If there are one or more errors anywhere in the range, the result will be an error. The type of the result error will match one of the input errors.

1.21 Looking Stuff Up in a Table: vlookup and hlookup

1.21.1 You Might Not Need a Lookup At All

1.21.2 Avoid Multi-Column Lookups

Avoid using a multi-column area as the second argument of vlookup(), or more to the point, avoid using any number other than 1 as the third argument (the readout column). That’s because anything that requires you to count columns is bug-bait. In particular, if somebody ever wants to insert or remove a column from your table, it will break things.
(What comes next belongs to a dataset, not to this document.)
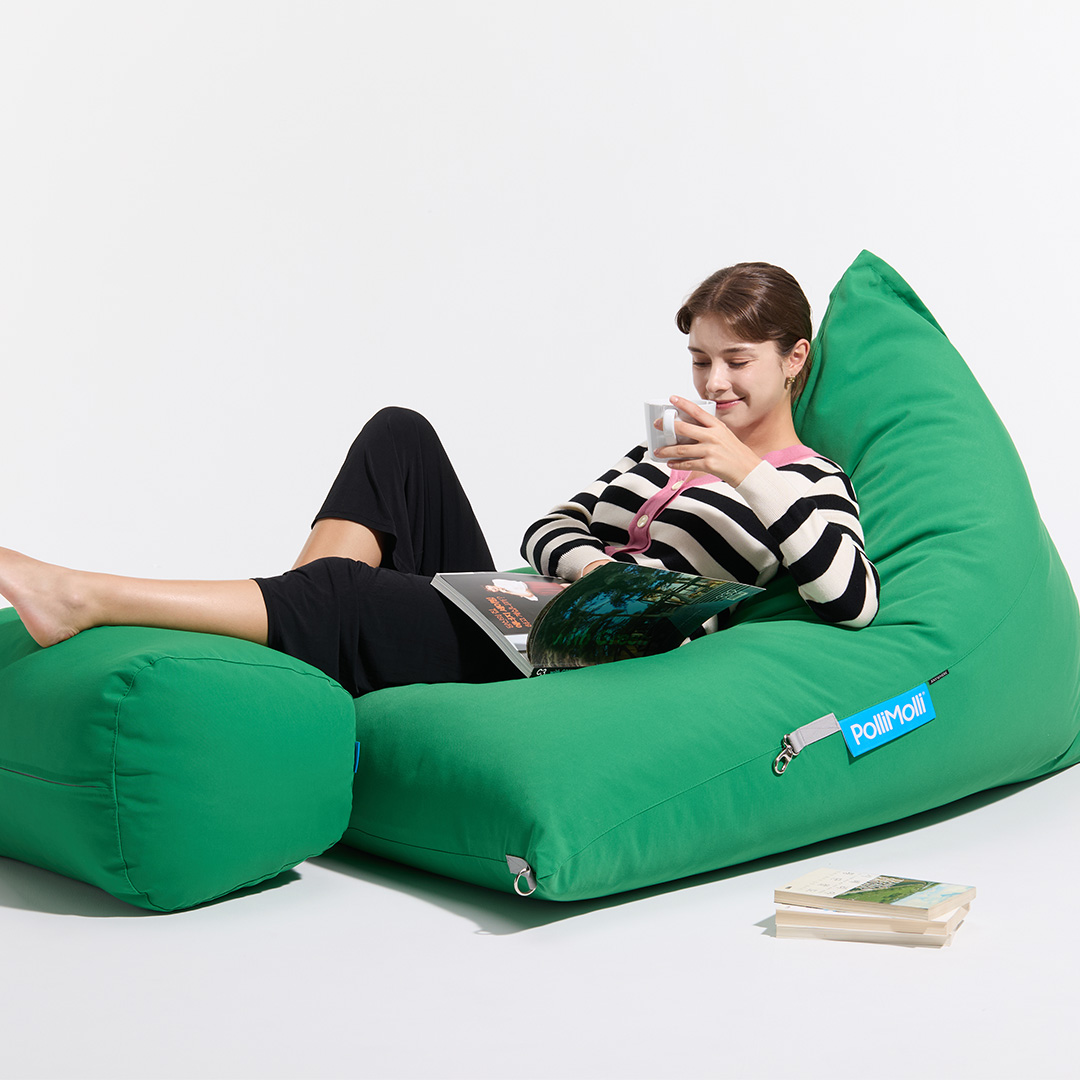 폴리몰리 701P 1인용 대형 빈백 소파 거실 야외 방수 시크 블랙 (메시속커버,선택안함)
Instead, use a one-column area as the second argument, set the third argument to 1, and also set the fourth argument to 1 so that vlookup() returns an index. Then feed that index to offset() to grab the desired element from the appropriate column. This makes your spreadsheet vastly more reliable, more debuggable, more maintainable, and more extensible.

For example, instead of:

        =vlookup(B19-$H$12,$B$19:$I$138,8,1)

you might be a lot happier with:

        =offset($I$19,vlookup(B19-$H$12,$B$19:$B$138,1,1),0)

and even happier with:

        =interpolation($B$19:$B$138,0+$I$19:$I$138,B19+$H$12)

Similary words apply to hlookup().

1.22 SQL Database Query : SELECT a Subset of the Data

Sometimes you want to select a subset of the original data, and put it into a new region without gaps. This is called a query. You might want to run multiple queries against the same original data.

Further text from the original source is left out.